The imagery of the album thus stands up to scrutiny, that gas-masked nun-mummy artwork looking like something from a nightmare propaganda poster, not to mention the apt and ever-chilling full quotation from Robert Oppenheimer on the album intro “Iron Winter”. Musically speaking, Nocturnal Breed sound just as bloodthirsty as what they relate, savaging thrash riffs with murderous speed and sharpening the assault into barbed-wire meshes of clanging black metal when greater nastiness is required. Thus, “War Metal Engine” needs no great technical feats from the guitarists to imbue the sense of bleakness and inevitable end that global war births, grey tremolos drudged up in front of slugged out blastbeats like the last throes of a dying soldier. Mid-tempo songs of this nature simply become grisly wastelands for the dead, spiced up by gang shouts from the millions sent to their doom.
Desolation in the house of Nocturnal Breed is often of a different type, however, and there’s nothing mid-paced about it. The longer, more textured songs seem like a hangover from Napalm Nights in 2014, when the quartet indulged in lengthy compositions, yet the early part of We Only Came for the Violence stands in stark contrast to the reflective, even melodious, likes of “Can’t Hold Back the Night” with its extended Maiden-esque lead. Few fans can forget that the preceding album to Napalm Nights was Fields of Rot, which set a high standard for brutal three minute smackdowns of extreme thrash, and happily that is where the inspiration for “Choke on Blood” and the title track comes from. The chilling sprint and screams of the former wastes no time in attacking, detouring through uncanny, twisting riffs that Aura Noir know all about, dropping in a sinuous solo that proves to be one of the more considered aspects of such violent cuts.

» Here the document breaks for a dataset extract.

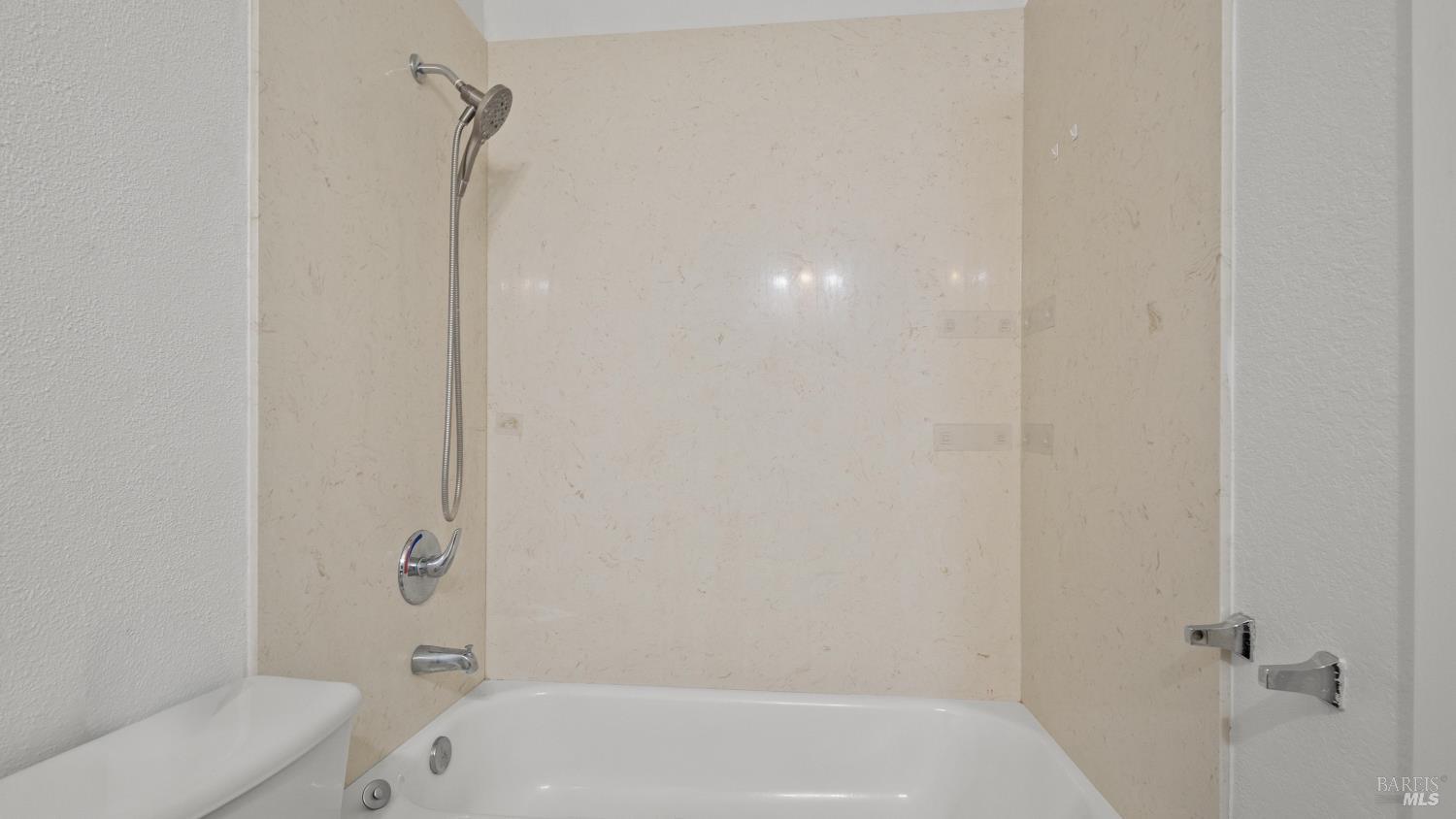1801 Marshall Road, Unit 905 Vacaville, CA 95687 - Photo 16 of 19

Balancing the tendencies of the two most recent full-lengths seems like a smart move, allowing Nocturnal Breed to branch out via more creative forms while also maintaining their beloved aggression. On the other hand, the formula can’t guarantee the best of both worlds: the thrashier songs burn themselves out rather quickly without leaving a strong mark, only for the steadier cuts to prove more memorable. S.A. Destroyer trading off lamenting vocals with a crow in “A Million Miles of Trench” is just about the most typical black metal moment on the release, but proves one of the most affecting as well; juxtapose that with “Frozen to the Cross” and its display of very capable mid-period Darkthrone, which comes off as passable yet uninspiring. Aside from nice detailing of the leads and melodies in “Nekrohagel” and “Limbs of Gehenna”, the vocals offer the greatest rewards, particularly when “We Only Came for the Violence” springboards off tight speed thrash into a rabid delivery partway between a blackened David Bower (Hell) and Schmier (Destruction), shrieked rolled Rs and all. The amazing shock value makes that a special song.
Other standout cuts are not in abundance, though saying that Nocturnal Breed shortchange fans or fail to deliver on We Only Came for the Violence couldn’t be further from the truth. Simply, the goods are delivered once more in the same old style, and the same old feeling is felt once more. Few metalheads would come to such an album looking for a revolution, provided that the fury and energy of the performance is high enough, so most aims are achieved. Bearing in mind that the impact of such music would be lessened gradually by repeated exposure, perhaps the reason for the sparse releases of Norway’s black thrash horde becomes more apparent. Either way, Nocturnal Breed are back for now and want to destroy – as much as they can, while they can.